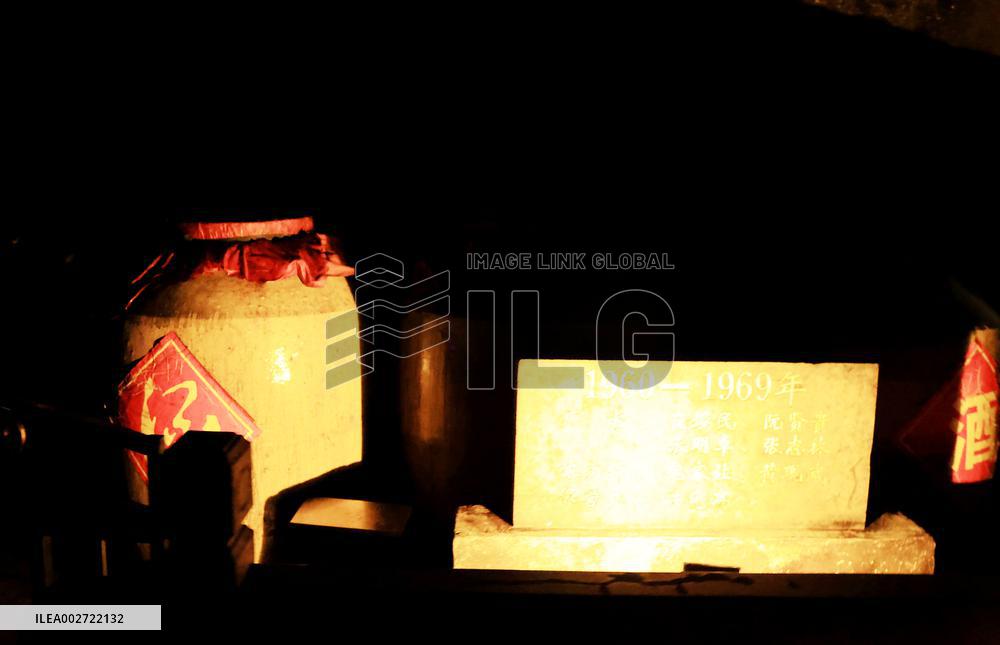 World's Largest Natural Wine Cellar in Hechi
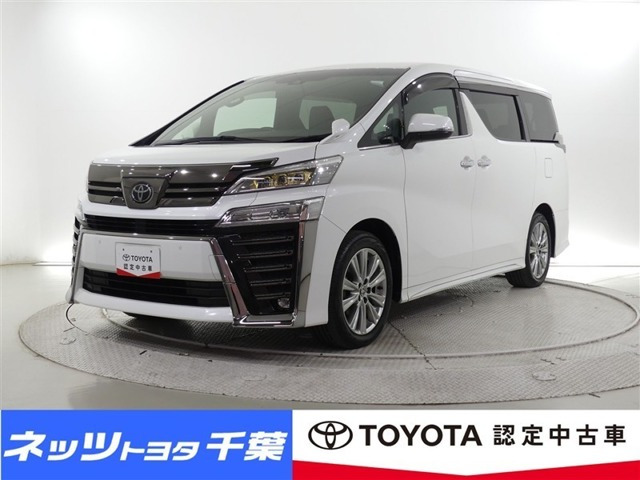 ヴェルファイア 2.5 Z ゴールデンアイズ 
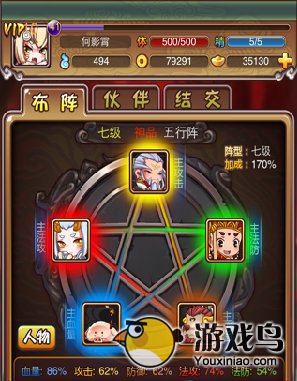 《我去西游》副本攻略 碧波潭怎么快速通关[多图]图片5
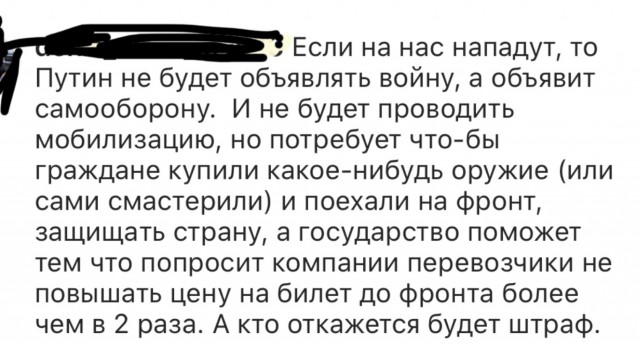 Херсон. Перегруппировка через 3..2..1...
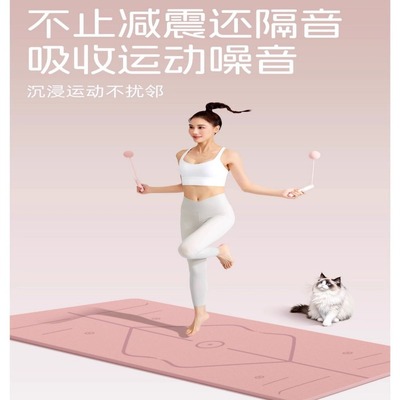 tpe瑜伽垫体位线健身垫家用防滑减震隔音女生跳操垫子大地垫加款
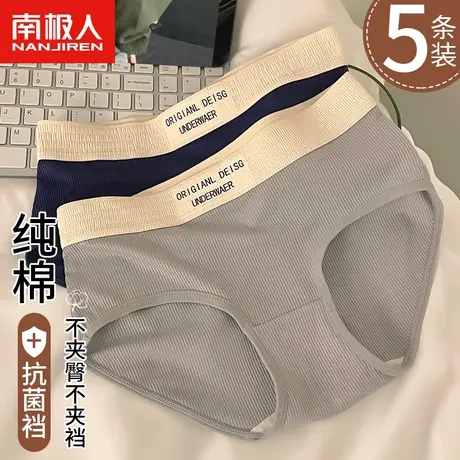 南极人内裤女士纯棉抗菌全棉裆2023新款少女生中腰运动透气三角裤图片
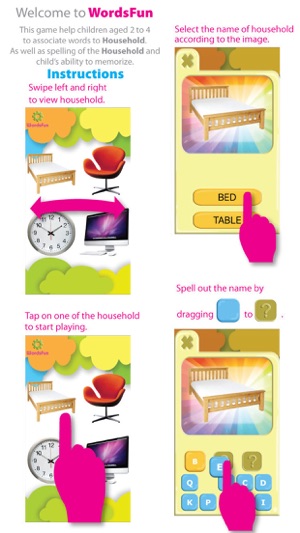 WordsFun-Household Words Match(圖2)-速報App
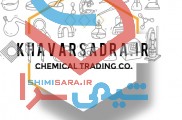 تامین کننده مواد اولیه شیمیایی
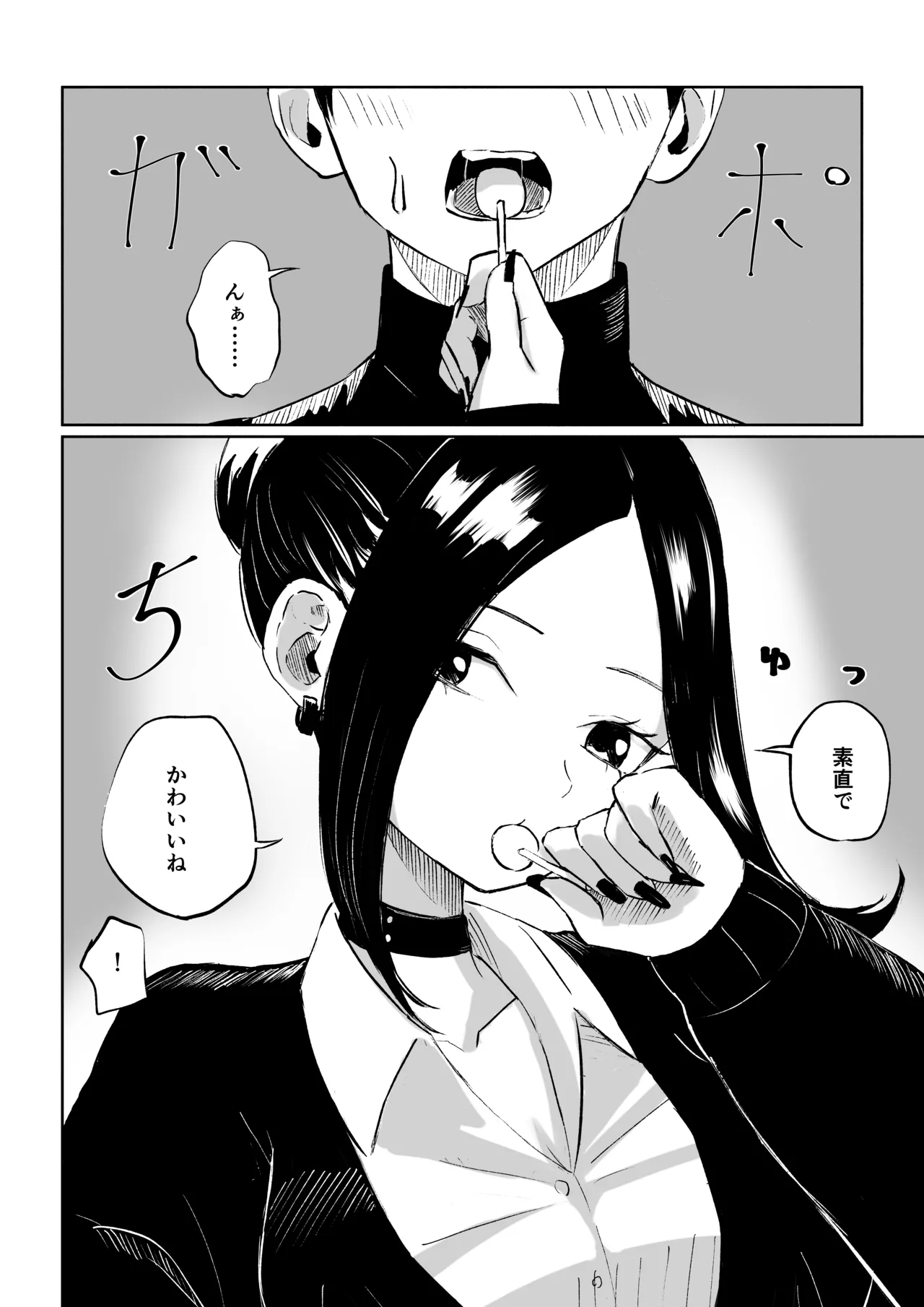 [ロキ]年下彼女の飴(キス)と鞭(お仕置き) 16ページ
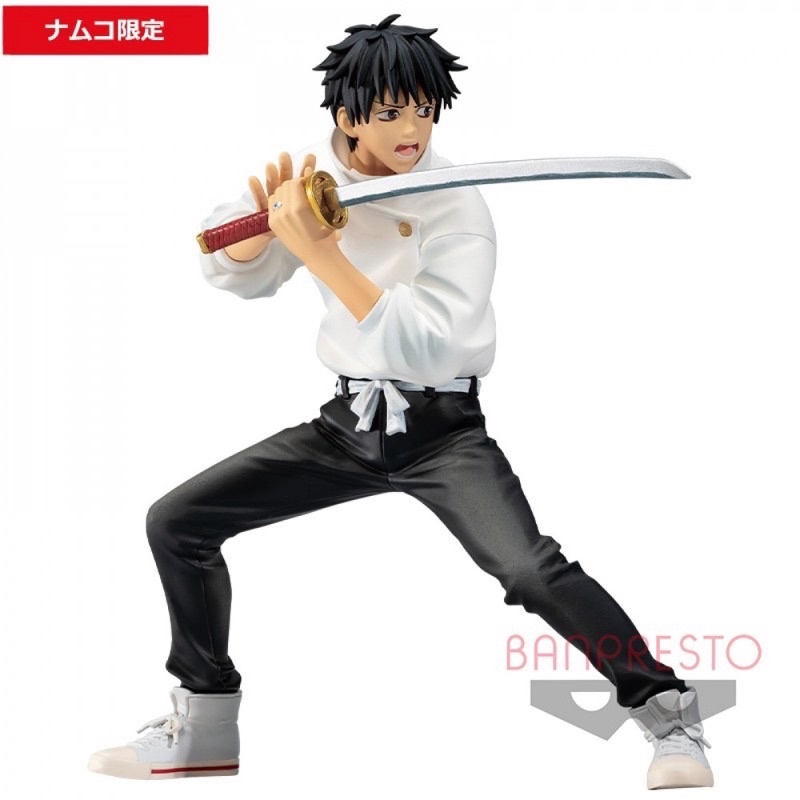 Figura De Acción Yuta Okkotsu Jukon No Kata De Bandai Banpresto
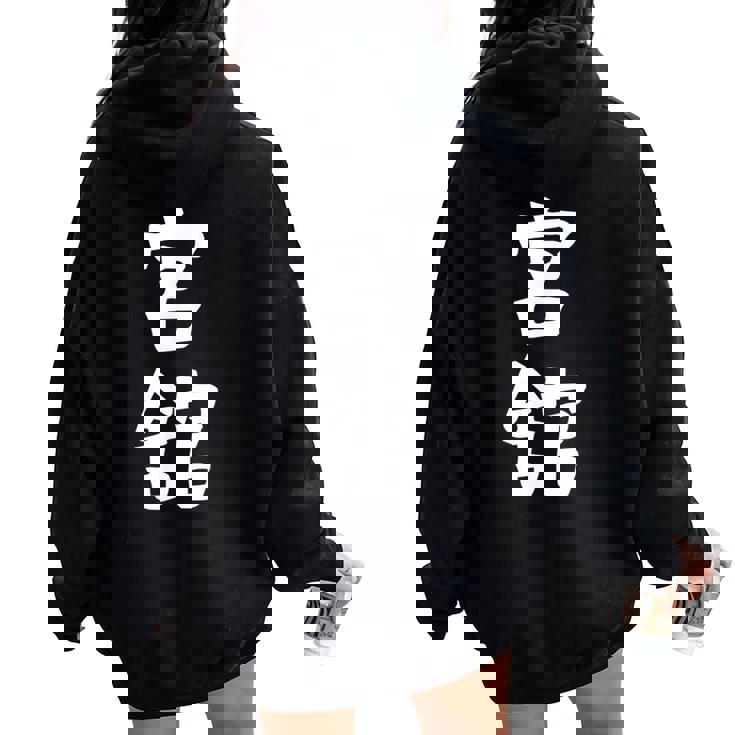 【宮舘】苗字 名字 名入れ 家族お揃い 女性 男性 子供 面白い 名前 おもしろ 服 ギャグ ネタ ウケ狙い レディース オーバーサイズ パーカー バックプリント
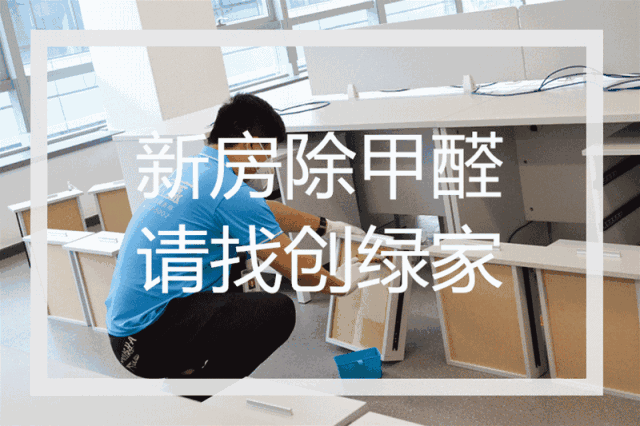 誰(shuí)說(shuō)***是多么寂寞，創(chuàng)綠家?guī)惺芟略?00強(qiáng)企業(yè)工作是怎樣的體驗(yàn)！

☆ ☆ ☆ ☆ ☆

● ACTIVITY:
Repeat, exactly and in full, each line from the start of the data to the line that contains "オーバーサイズ パーカー バックプリント". Pictures do not go in.

● SOLUTION TO THE EXERCISE:
 World's Largest Natural Wine Cellar in Hechi
 ヴェルファイア 2.5 Z ゴールデンアイズ 
 《我去西游》副本攻略 碧波潭怎么快速通关[多图]图片5
 Херсон. Перегруппировка через 3..2..1...
 tpe瑜伽垫体位线健身垫家用防滑减震隔音女生跳操垫子大地垫加款
 南极人内裤女士纯棉抗菌全棉裆2023新款少女生中腰运动透气三角裤图片
 WordsFun-Household Words Match(圖2)-速報App
 تامین کننده مواد اولیه شیمیایی
 [ロキ]年下彼女の飴(キス)と鞭(お仕置き) 16ページ
 Figura De Acción Yuta Okkotsu Jukon No Kata De Bandai Banpresto
 【宮舘】苗字 名字 名入れ 家族お揃い 女性 男性 子供 面白い 名前 おもしろ 服 ギャグ ネタ ウケ狙い レディース オーバーサイズ パーカー バックプリント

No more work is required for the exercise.